日時 2003年7月7日(月曜日)15時~
場所 市長会議室
記者数 24人

冒頭、市長から下記の話題について発表しました。

引き続き、次の話題について質疑が行われました。

発表内容

「助役の事務分担について」

先週、議会の同意を得まして、本日から新しい体制で市政運営をスタートすることになりましたので、どうぞよろしくお願い申し上げます。

ここで、紹介を兼ねまして、新たに就任いたしました田中賢龍助役、小澤正明助役、牧野勝幸収入役から、一言ずつあいさつを申し上げたいというふうに思いますので、よろしくお願いいたします。

田中助役のあいさつ

初めまして。きょう選任発令いただきました田中でございます。市長が、2度の選挙をくぐり抜けてといいますか、ご苦労を経て、新しい執行体制がきょう決まりました。この変革、転換期の時期に助役の任を担うというのは大変重責でございまして、きょう、あらためて辞令書をいただきまして、その重さに大変身の引き締まる思いですし、心を引き締めてこれから当たらなければならないと思っております。

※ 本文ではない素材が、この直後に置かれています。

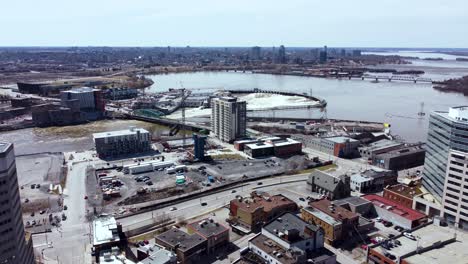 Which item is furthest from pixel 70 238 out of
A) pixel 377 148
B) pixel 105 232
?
pixel 377 148

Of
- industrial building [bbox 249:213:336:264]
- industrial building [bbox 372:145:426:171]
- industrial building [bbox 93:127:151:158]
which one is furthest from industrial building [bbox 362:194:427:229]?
industrial building [bbox 93:127:151:158]

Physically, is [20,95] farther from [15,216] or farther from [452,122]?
[452,122]

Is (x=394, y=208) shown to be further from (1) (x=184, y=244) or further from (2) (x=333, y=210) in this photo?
(1) (x=184, y=244)

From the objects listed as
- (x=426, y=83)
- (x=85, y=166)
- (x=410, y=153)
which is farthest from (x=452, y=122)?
(x=426, y=83)

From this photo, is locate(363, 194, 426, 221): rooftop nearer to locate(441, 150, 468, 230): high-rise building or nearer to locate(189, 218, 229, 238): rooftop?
locate(441, 150, 468, 230): high-rise building

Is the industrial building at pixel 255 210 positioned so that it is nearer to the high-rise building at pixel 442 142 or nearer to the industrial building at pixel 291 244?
Result: the industrial building at pixel 291 244

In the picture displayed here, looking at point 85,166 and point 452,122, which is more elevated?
point 452,122

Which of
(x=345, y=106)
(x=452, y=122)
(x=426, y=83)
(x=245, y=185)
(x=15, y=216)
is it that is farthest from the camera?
(x=426, y=83) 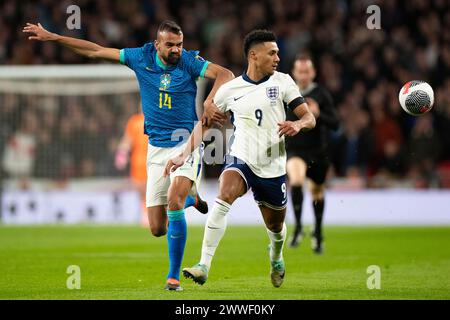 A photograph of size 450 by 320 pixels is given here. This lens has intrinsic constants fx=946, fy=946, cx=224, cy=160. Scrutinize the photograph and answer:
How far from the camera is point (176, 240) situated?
Answer: 7.92 meters

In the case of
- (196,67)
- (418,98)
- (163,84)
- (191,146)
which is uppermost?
(196,67)

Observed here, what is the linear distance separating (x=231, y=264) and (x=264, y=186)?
270 centimetres

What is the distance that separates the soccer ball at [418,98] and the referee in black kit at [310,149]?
2.76 meters

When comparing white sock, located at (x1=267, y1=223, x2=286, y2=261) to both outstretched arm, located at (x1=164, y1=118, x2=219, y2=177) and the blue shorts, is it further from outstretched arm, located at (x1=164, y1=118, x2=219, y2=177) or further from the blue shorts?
outstretched arm, located at (x1=164, y1=118, x2=219, y2=177)

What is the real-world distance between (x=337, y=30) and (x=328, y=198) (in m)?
4.27

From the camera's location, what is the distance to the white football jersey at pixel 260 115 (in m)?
7.94

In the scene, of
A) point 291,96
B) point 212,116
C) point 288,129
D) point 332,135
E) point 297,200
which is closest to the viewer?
point 288,129

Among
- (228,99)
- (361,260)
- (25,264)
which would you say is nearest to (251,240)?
(361,260)

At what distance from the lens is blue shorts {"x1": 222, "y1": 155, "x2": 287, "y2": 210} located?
7.94 metres

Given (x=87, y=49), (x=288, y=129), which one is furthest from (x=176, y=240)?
(x=87, y=49)

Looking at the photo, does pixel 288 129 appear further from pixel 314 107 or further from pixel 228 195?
pixel 314 107

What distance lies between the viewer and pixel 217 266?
401 inches

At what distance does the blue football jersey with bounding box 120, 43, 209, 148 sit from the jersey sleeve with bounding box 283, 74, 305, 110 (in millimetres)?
893

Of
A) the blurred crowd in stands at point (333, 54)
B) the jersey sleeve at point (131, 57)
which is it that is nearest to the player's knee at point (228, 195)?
the jersey sleeve at point (131, 57)
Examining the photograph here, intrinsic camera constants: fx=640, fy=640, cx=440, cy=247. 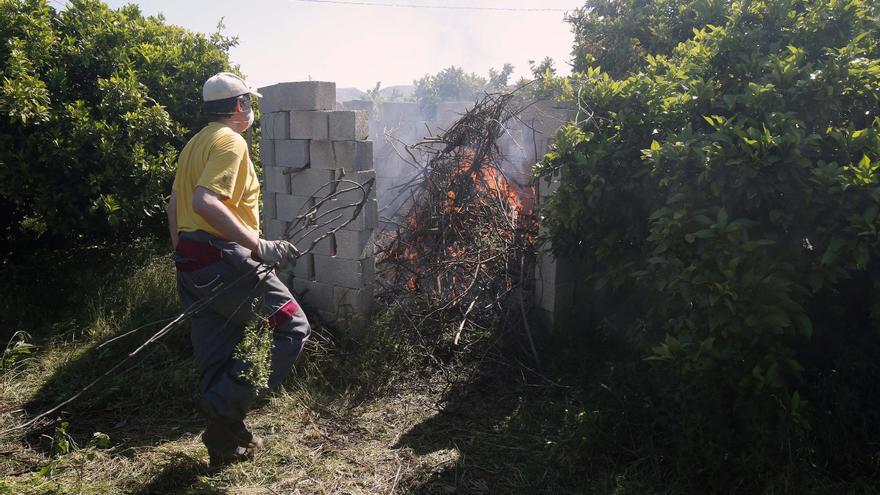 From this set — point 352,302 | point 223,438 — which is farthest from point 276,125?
point 223,438

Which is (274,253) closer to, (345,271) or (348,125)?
(345,271)

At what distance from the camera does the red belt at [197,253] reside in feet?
10.5

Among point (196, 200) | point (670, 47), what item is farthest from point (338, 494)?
point (670, 47)

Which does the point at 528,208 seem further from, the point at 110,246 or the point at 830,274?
the point at 110,246

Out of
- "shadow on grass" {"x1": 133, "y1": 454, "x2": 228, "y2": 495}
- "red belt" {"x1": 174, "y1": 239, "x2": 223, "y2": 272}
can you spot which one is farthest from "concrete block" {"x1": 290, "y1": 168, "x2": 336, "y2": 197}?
"shadow on grass" {"x1": 133, "y1": 454, "x2": 228, "y2": 495}

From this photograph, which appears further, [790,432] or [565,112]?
[565,112]

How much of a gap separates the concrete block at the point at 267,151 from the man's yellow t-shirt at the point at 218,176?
6.33 feet

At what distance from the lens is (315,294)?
511cm

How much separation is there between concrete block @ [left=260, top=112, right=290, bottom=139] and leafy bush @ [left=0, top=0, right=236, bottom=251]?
0.95m

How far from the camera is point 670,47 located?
19.5 ft

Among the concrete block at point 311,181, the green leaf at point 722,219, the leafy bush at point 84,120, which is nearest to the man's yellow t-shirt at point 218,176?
the concrete block at point 311,181

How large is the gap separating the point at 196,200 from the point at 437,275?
8.46 ft

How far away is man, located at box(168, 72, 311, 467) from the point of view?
310 cm

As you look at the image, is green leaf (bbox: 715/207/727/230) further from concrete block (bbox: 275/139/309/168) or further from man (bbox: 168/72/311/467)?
concrete block (bbox: 275/139/309/168) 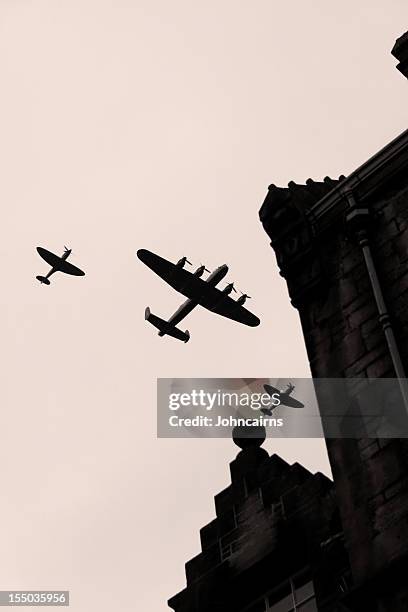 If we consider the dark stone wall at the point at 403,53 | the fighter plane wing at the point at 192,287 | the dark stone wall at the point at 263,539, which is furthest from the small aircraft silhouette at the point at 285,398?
the fighter plane wing at the point at 192,287

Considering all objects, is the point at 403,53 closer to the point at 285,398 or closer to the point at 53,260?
the point at 285,398

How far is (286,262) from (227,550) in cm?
566

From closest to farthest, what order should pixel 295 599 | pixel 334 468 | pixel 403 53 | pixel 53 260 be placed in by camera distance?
pixel 334 468, pixel 295 599, pixel 403 53, pixel 53 260

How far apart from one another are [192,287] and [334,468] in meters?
41.5

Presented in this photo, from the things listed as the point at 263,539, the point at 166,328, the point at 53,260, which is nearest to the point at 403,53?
the point at 263,539

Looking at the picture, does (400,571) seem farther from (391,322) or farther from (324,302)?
(324,302)

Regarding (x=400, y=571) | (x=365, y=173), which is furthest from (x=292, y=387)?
(x=400, y=571)

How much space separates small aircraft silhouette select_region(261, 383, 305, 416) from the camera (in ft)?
61.1

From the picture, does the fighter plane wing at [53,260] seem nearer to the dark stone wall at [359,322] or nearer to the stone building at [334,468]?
the stone building at [334,468]

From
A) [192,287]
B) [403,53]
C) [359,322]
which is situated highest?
[192,287]

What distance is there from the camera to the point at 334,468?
1558 centimetres

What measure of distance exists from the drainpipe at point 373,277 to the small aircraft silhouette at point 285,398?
105 inches

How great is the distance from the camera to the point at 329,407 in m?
16.4

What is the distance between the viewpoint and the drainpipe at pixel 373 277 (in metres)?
15.4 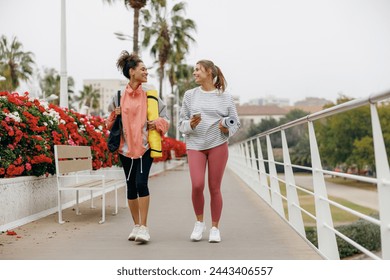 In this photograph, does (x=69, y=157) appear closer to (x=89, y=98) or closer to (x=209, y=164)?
(x=209, y=164)

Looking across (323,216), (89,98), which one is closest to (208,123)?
(323,216)

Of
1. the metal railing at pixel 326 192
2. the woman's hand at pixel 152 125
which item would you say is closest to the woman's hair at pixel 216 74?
the woman's hand at pixel 152 125

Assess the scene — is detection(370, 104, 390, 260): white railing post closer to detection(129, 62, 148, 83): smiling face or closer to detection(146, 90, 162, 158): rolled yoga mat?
detection(146, 90, 162, 158): rolled yoga mat

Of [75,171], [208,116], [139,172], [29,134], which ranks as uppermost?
[29,134]

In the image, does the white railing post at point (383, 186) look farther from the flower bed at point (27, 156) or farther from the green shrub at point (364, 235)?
the green shrub at point (364, 235)

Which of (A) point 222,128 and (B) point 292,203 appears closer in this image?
(A) point 222,128

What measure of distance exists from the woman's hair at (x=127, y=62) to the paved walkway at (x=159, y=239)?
4.70ft

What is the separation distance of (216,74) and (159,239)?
149cm

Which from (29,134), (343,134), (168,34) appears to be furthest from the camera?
(343,134)

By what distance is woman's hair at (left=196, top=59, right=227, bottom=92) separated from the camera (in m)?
5.23

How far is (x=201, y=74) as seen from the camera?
519cm

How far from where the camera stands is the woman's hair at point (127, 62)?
17.3 ft

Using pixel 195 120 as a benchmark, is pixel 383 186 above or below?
below

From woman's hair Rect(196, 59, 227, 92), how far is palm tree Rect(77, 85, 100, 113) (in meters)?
73.6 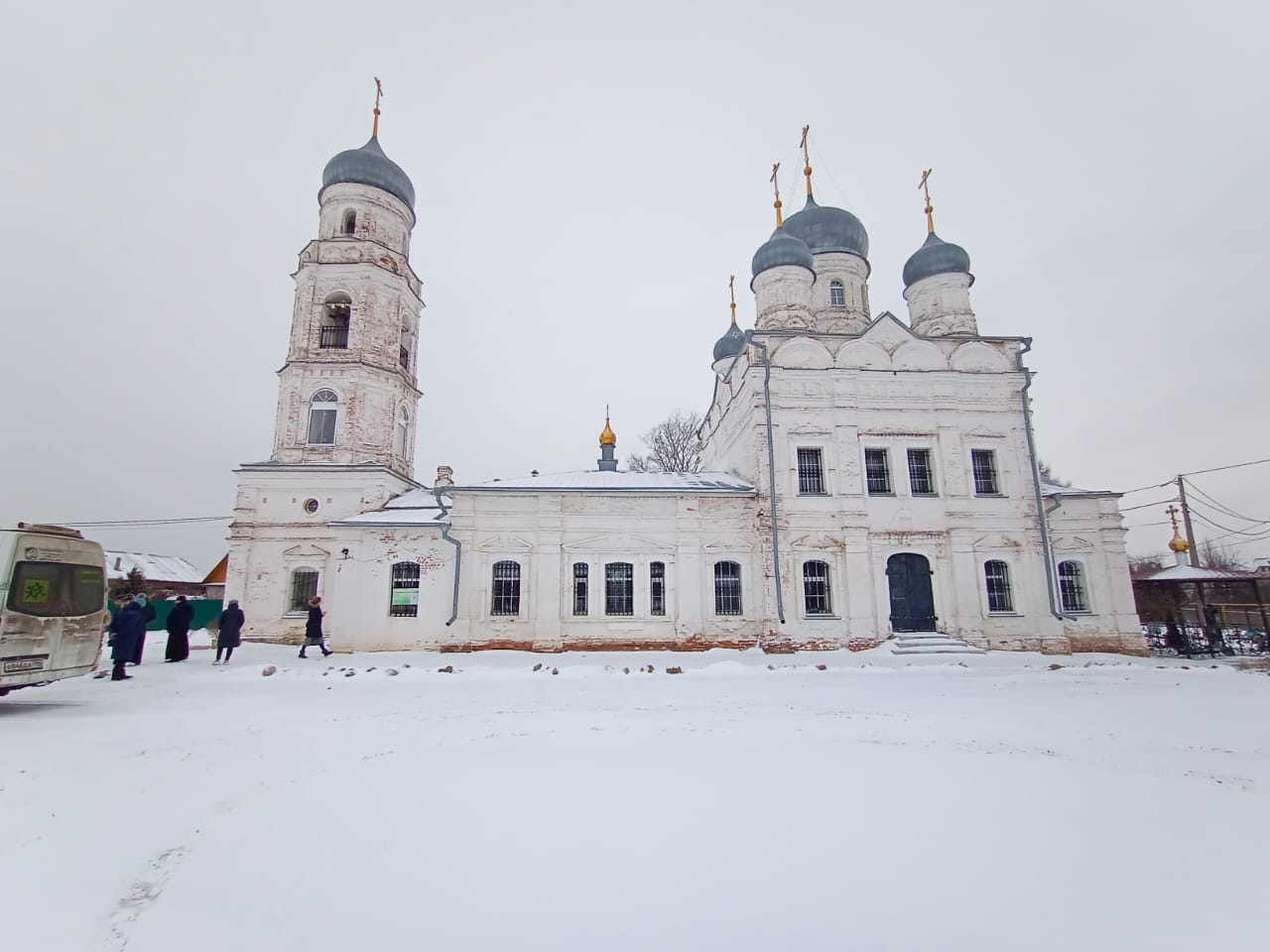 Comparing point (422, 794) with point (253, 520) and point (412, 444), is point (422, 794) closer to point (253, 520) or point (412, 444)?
point (253, 520)

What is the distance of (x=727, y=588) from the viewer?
17984 mm

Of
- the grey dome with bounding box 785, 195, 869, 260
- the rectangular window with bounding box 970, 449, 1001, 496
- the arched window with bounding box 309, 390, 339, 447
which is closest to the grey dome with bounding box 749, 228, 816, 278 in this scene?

昨今、大変経済が厳しい状況にございますし、課題の中ではあまり明るい話題がございません。しかしながら、先ほど市長の方から、こういう厳しい時代だからこそ、我々、これまでに培ってきた行政職員の技、力、知恵、工夫を発揮すべきだと、そういう激励をいただきました。我々はそれをしかと受け止めて、市長の下、市民のために何ができるのか、一生懸命耳を傾け、心を平らかにして市政に当たっていきたいと思っています。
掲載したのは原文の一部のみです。